The battle for centerfield is a tale of two very different players. In his 88 games with the Yankees in ’17, Hicks set career highs in most offensive categories. His .266/.372/.475 slash line, 15 home runs, 52 RBI, 54 runs scored and 18 doubles are all personal bests for Hicks in his brief five-year career.
His competitor, Jacoby Ellsbury, is headed in a much different direction.
Although Ellsbury appeared in 112 games, he put up far inferior numbers. Ellsbury too, spent time on the DL, albeit due to a concussion, which took him out of action for a month and allowed Hicks to shine.
The former MVP runner-up only hit seven home runs and drove in 39, while scoring a bleak 65 times. Each of those numbers is career lows for Ellsbury in a season in which he played over 110 games — which are eight of Ellsbury’s 11 career campaigns.

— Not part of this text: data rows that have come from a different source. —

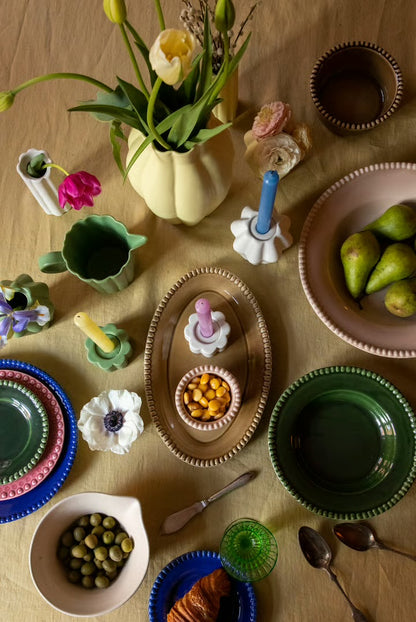 PotteryJo Daria skål 23 cm Accolade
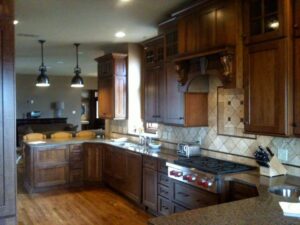 luxury kitchen remodeling collinsville illinois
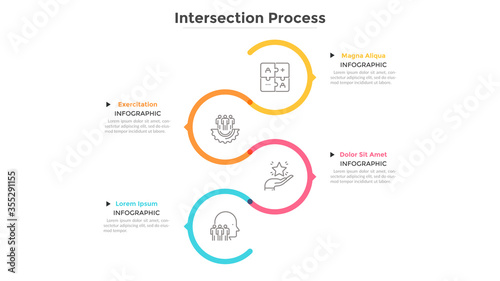 Modern Infographic Template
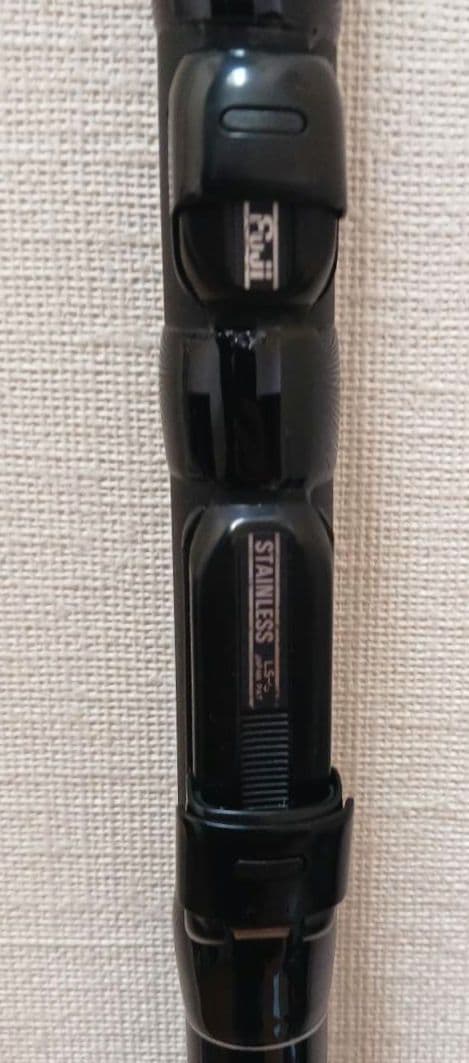 モカ太郎さん専用　美品 宇崎日新⑪ ALL STAR 磯 2号遠投 530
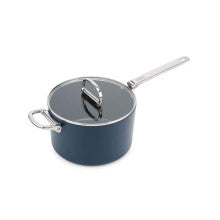 Joseph Joseph Space 15cm Non-Stick Folding Handle Saucepan & Lid | 45037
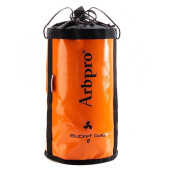 アーボプロ バケットバッグ 8L オレンジ AP-SB008
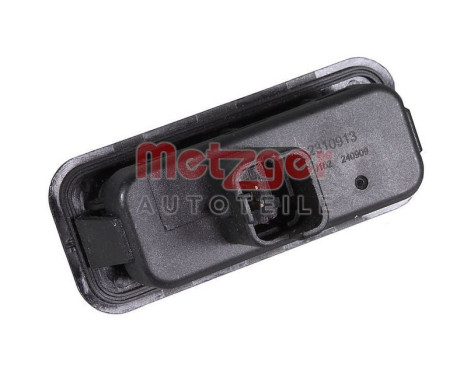 Tailgate handle, Image 2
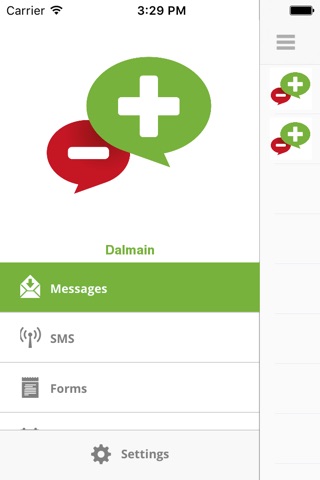Dalmain (SE23 1AS) screenshot 2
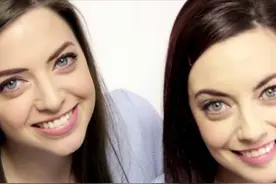 世界上另一个你：没有血缘关系的“双胞胎”，人脸识别还安全吗？图片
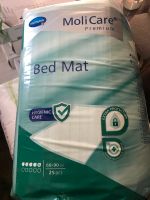 MoliCare Premium Bed Mat   Bettschutzunterlage   5 Tropfen Bayern - Walsdorf Vorschau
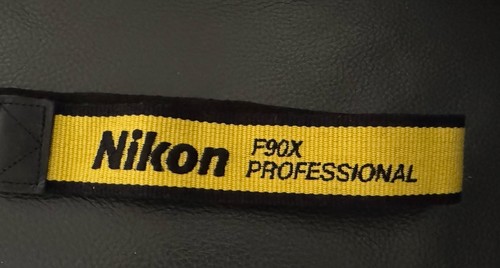 R0062 genuine nikon f - genuine,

Going solely on statistics and productivity, Hicks is the easy choice for the centerfield job, and it looks like that’s what Cashman intends to do. The only thing plaguing the Yankees, by keeping Ellsbury on the bench, is the huge contract they signed him to — $153 million over seven years.
It certainly wasn’t money well spent and is eating up a large portion of the projected $189 million hard cap management has put on spending.
Next: Carlos Beltran, the manager?
Hicks and Ellsbury are not a bad tag-team to mix and match based on matchups. The versatility of the switch-hitting Hicks gives the new manager great flexibility and should work accordingly. Ellsbury had his chance to be the center fielder for the Yankees, but he never lived up to expectations.